148 days needed for Elections preparation

Georgetown: Guyana Elections Commission (GECOM) needs 148 days to make adequate preparations for the conduct of General and Regional Elections, according to Chief Elections Officer (CEO) Keith Lowenfield.

Chief Elections Officer (CEO) Keith Lowenfield.

He said that the commencement of such preparations will have to wait until the Commission, headed by Chairman James Patterson, instructs him to do so.

Lowenfield said that he, as well as the members of the Commission, is considering all options, so that he could address issues in a way that fairly considers the concerns of all stakeholders.

 He explained that there is a protocol that would have to be adhered to, in order for GECOM to get ready for free and fair elections.

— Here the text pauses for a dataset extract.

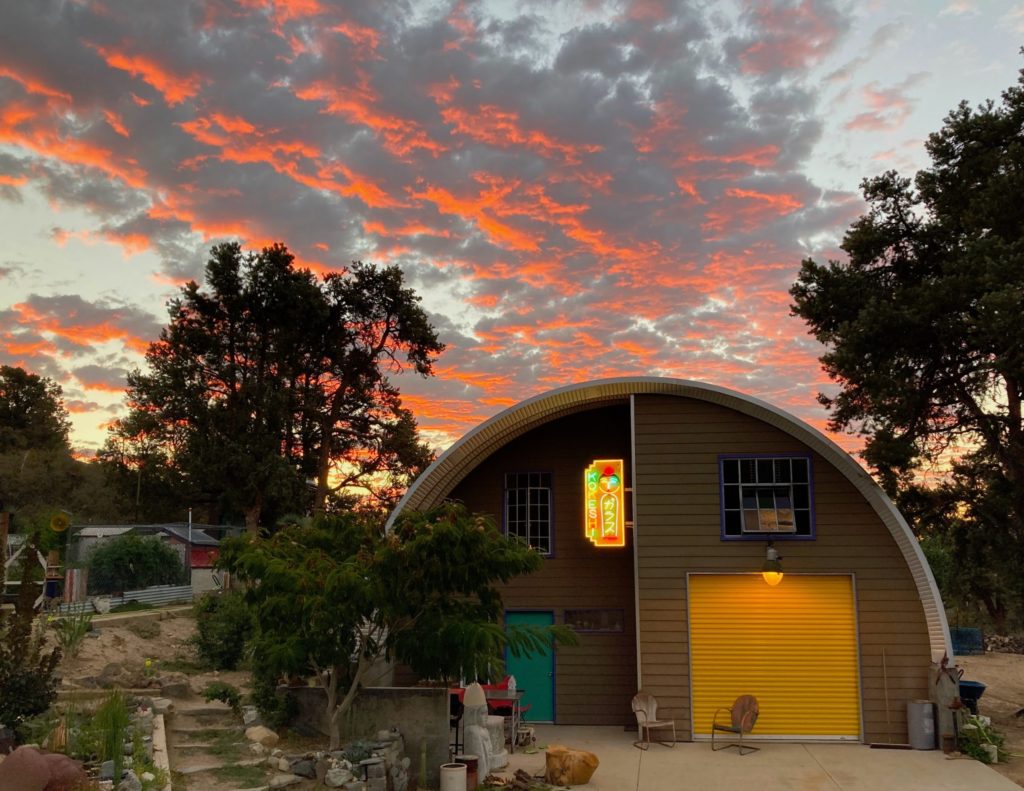 Q-model Quonset home with brown custom endwall partially recessed, overhead awning, lit neon sign, yellow rolling door, green entrance door, upper windows.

Lowenfield’s Deputy, Roxanne Meyers, told members of the media that, if elections were to be scheduled for March 19, Nomination Day would have had to have occurred by the end of January, effectively ruling out any possibility of an election occurring before the 90-day deadline.

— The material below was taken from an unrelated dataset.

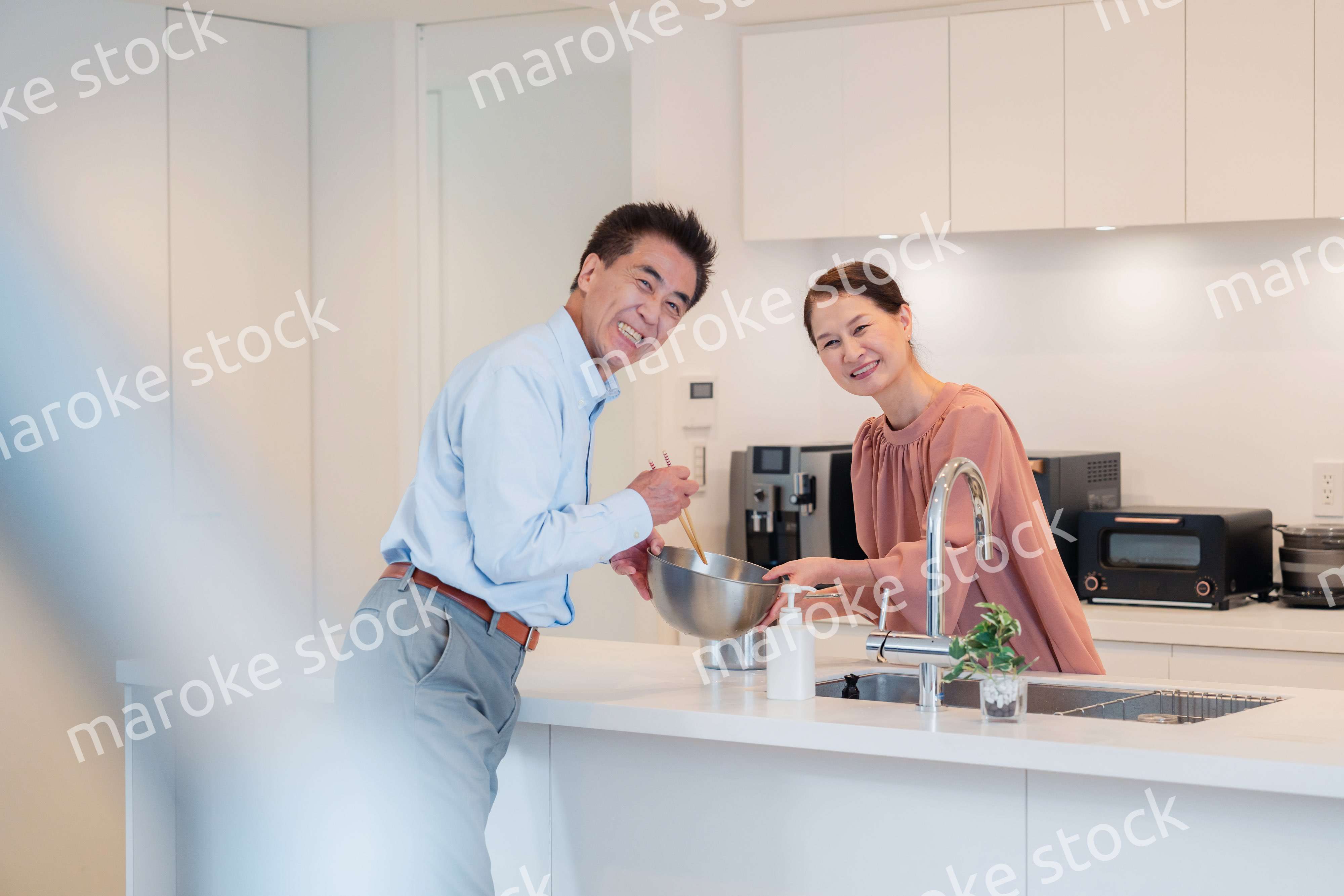 キッチンで一緒にクッキングを楽しむシニアの夫婦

Furthermore, Lowenfield said that the law states that, “nomination should be held not less than 32 days before elections”.

He said that it would take 18 days after final approval of the nominations, provided that there are no hiccups in that process, for the foreign service provider to produce and transport the ballots and other election materials of the parties who would have successfully passed the nomination process.

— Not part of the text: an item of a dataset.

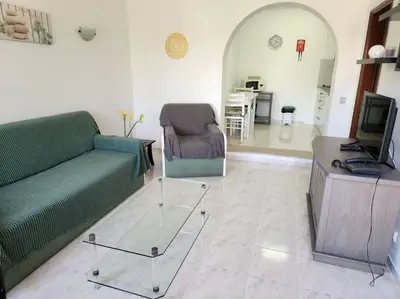 a living room with a green couch and a television at CH 7 - One Bedroom Apartment, Casa da Horta, Pool and Garden in Albufeira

Those ballots would need to be returned, at best, 21 days before Election day, for GECOM to facilitate voting of non-resident Guyanese working in all Guyana’s High Commissions, Embassies and Consulates, he said.

This timeline, however, would be set on the assumption that the commission is already fully prepared for General and Regional Elections, which it is not.

GECOM would still have to consider training. Although training could occur concurrently with the nomination day and acquisition of materials process, the training alone would take 105 days.

“For us to conduct elections, it has to be staffed. At the moment, if elections are to be held, we’d have an estimation of 2,300 polling stations. Even if I utilize 20 training teams at schools across Guyana, [this] would see us taking a minimum of 7-9 weeks, to ensure we train in all these regions.”

He said that Region 3 has 327 polling stations. Minimally, that region would require 1,035 Election-day staff.

If 20 teams train on one weekend with an adequate turnout of participants, that exercise would take GECOM one weekend, Lowenfield explained. In this regard, he also disaggregated the quantities of polling stations and Election-day staff required for those polling stations, in all ten administrative regions, laying out the timeline that would amount to 7-9 weeks.

“I cannot run an election in part of Guyana. The election is pan-Guyana, Guyana Elections. The staff needs to train. One shudders to think that there’s going to be a polling station without an attending Presiding Officer or Assistant Presiding Officer. Then, someone could very well say, ‘Let’s close the elections down, because GECOM is not ready’.”

This 105-day training timeline, he said, doesn’t yet consider that the CEO must make a ‘second pass’ to all regions to ensure that all polling stations are adequately staffed.

“If, when I got to Region 6, I do not have the required amount of staff, I will have to pass again, or with any region, for that matter, to make a second move to ensure the required complement of staff are in location. “

He rebuked suggestions that all the staff could be trained within a month, since it would require taking teachers out of school, who make up the bulk of the trainers. In this case, he said, training could occur every day and it still would not be enough to staff all polling stations.

 The CEO also noted that it’s not enough for the secretariat to reuse the Local Government Elections-trained staff; that the staff must be retrained for General and Regional Elections.

If the secretariat rushed the process, he said, many undesirable situations could be created for the Commission, which would call the freeness and fairness of the election into question.